Short text fragments from websites
· · · ·

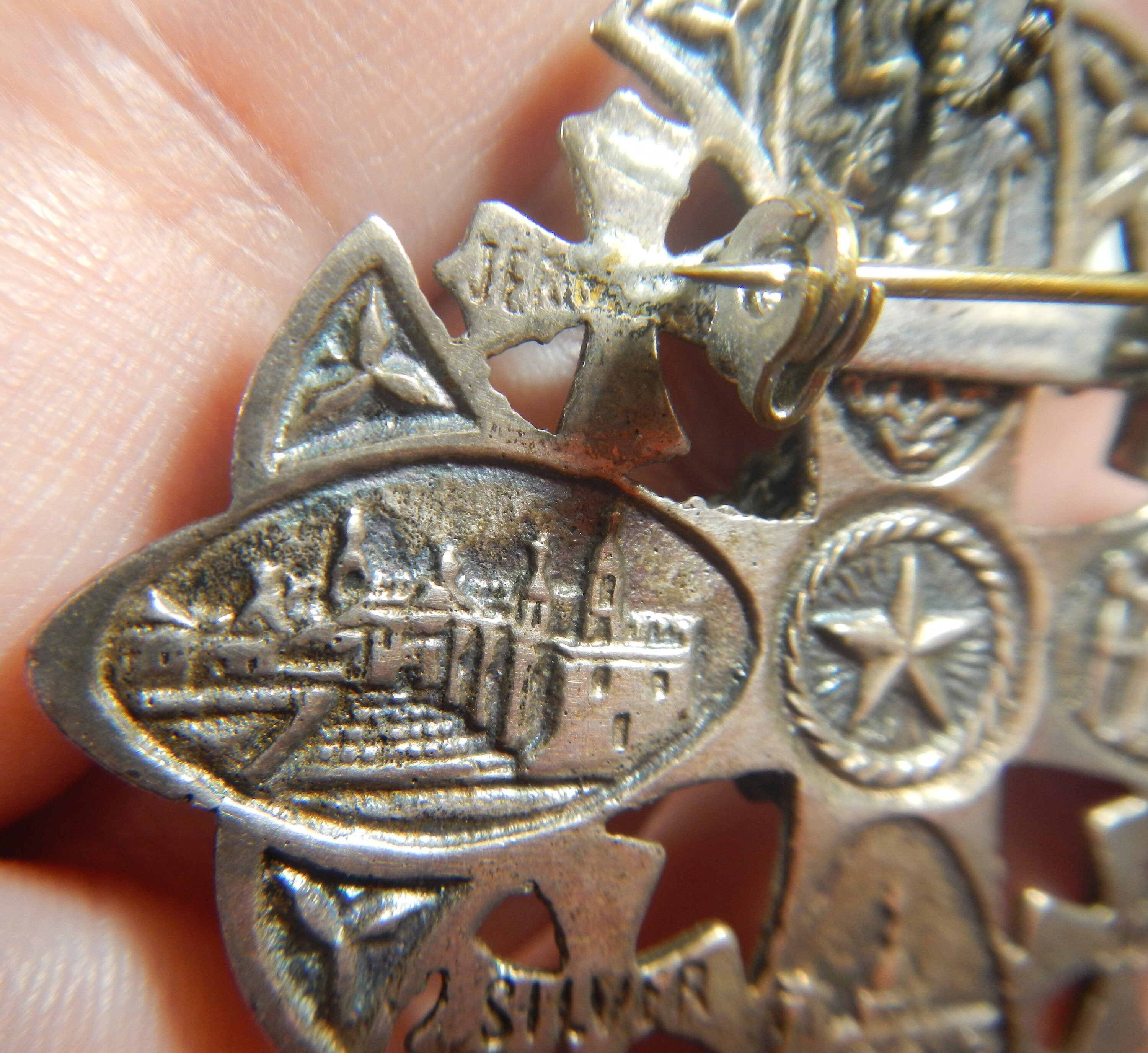 Broche Ancienne Celtique Croix De Malte - Argent Ton, Pierre Verte, Bijou Vintage Occasion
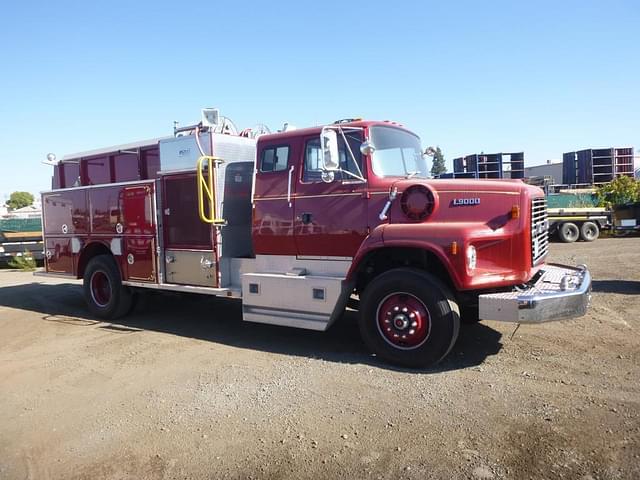 Image of Ford L9000 equipment image 1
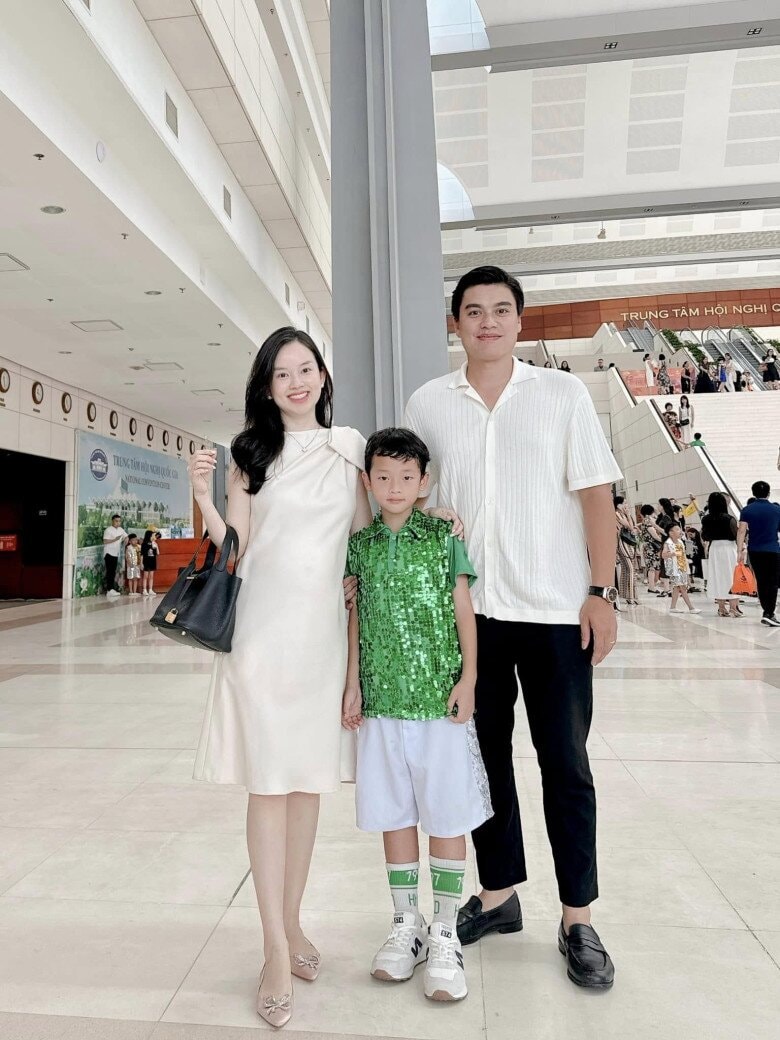 Ly Kute lập gia đình với ông xã làm trong ngành công an.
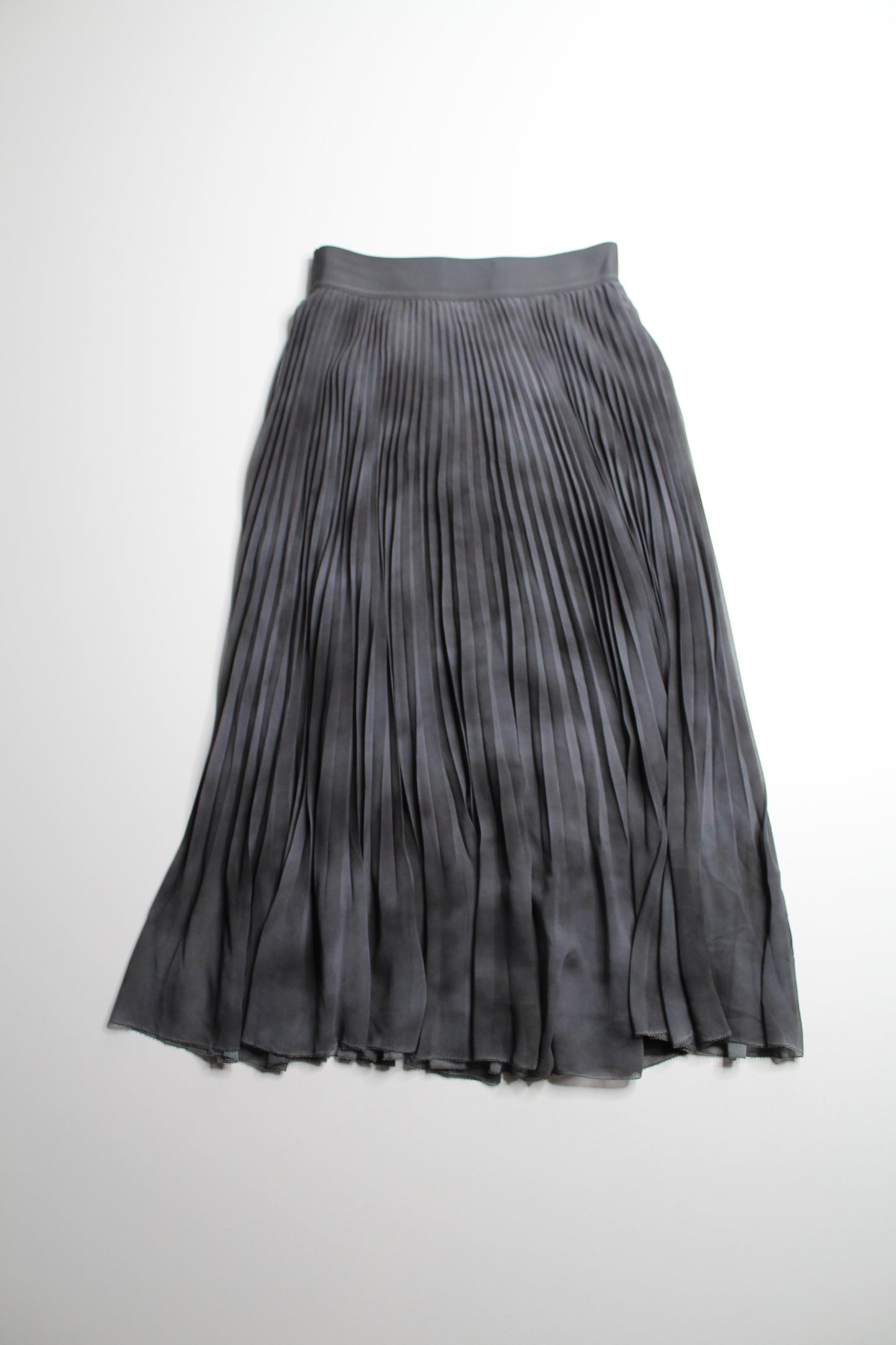 Aritzia Wilfred dark grey tie dye ‘twirl’ skirt, size small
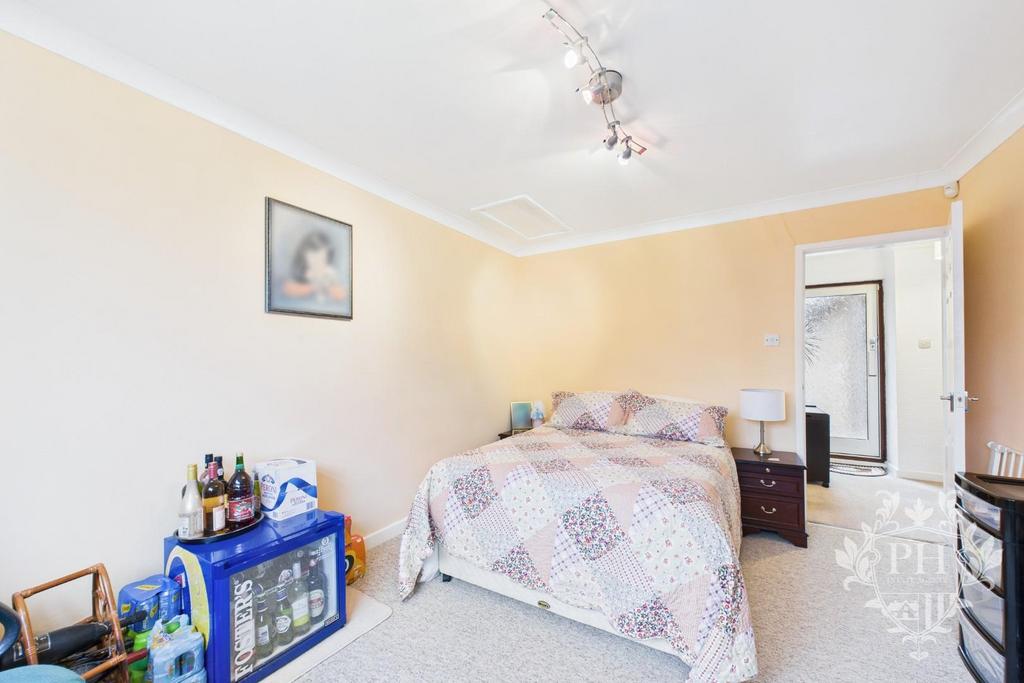 CAM02002 G0-PR0248-STILL016.jpg
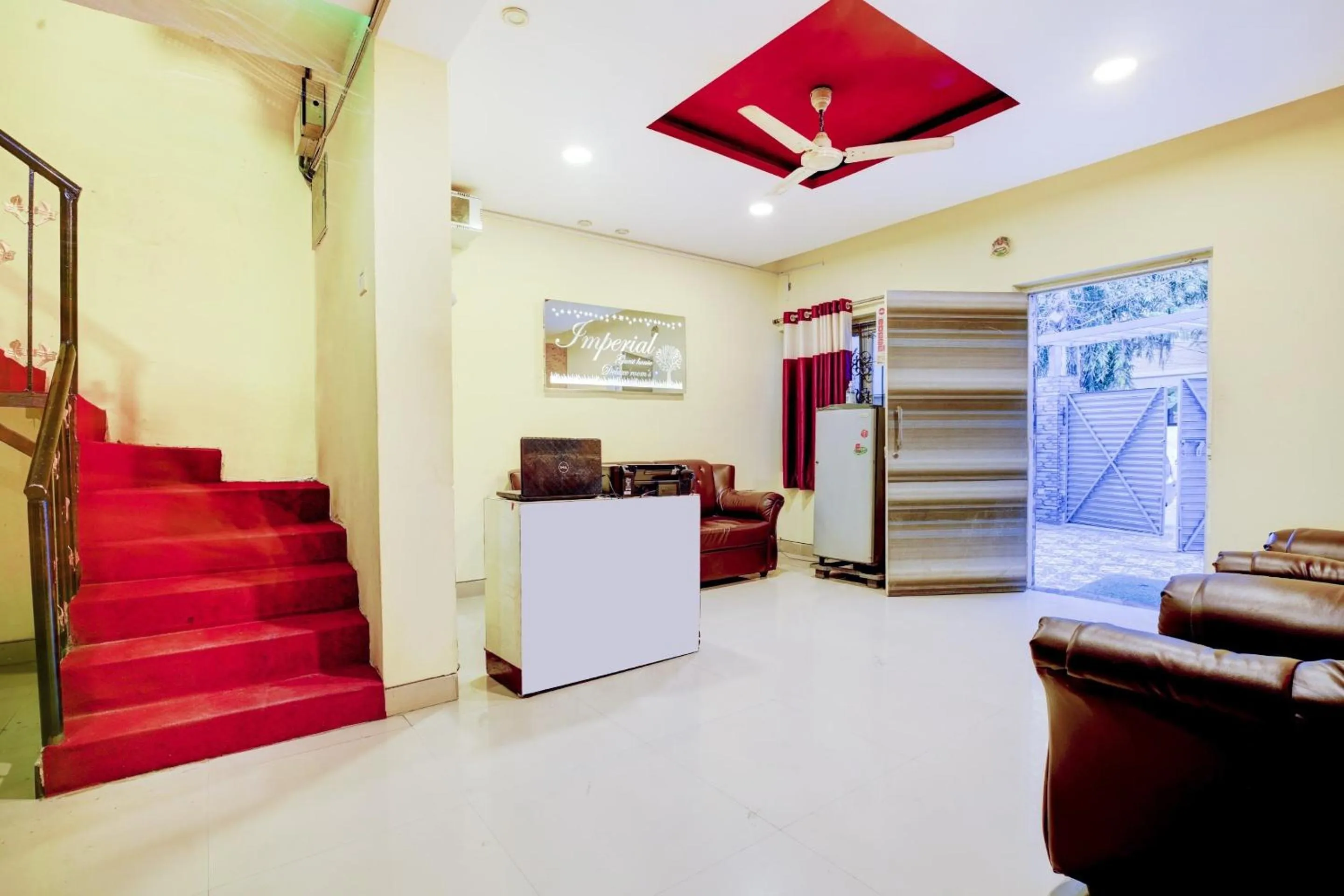 Lobby or reception in Hotel O Imperial Guest House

· · · ·

▸ **How to complete this task**
Copy out every entry above, character for character, excluding pictures.

▸ **Exercise solution**
 Broche Ancienne Celtique Croix De Malte - Argent Ton, Pierre Verte, Bijou Vintage Occasion
 Image of Ford L9000 equipment image 1
 Ly Kute lập gia đình với ông xã làm trong ngành công an.
 Aritzia Wilfred dark grey tie dye ‘twirl’ skirt, size small
 CAM02002 G0-PR0248-STILL016.jpg
 Lobby or reception in Hotel O Imperial Guest House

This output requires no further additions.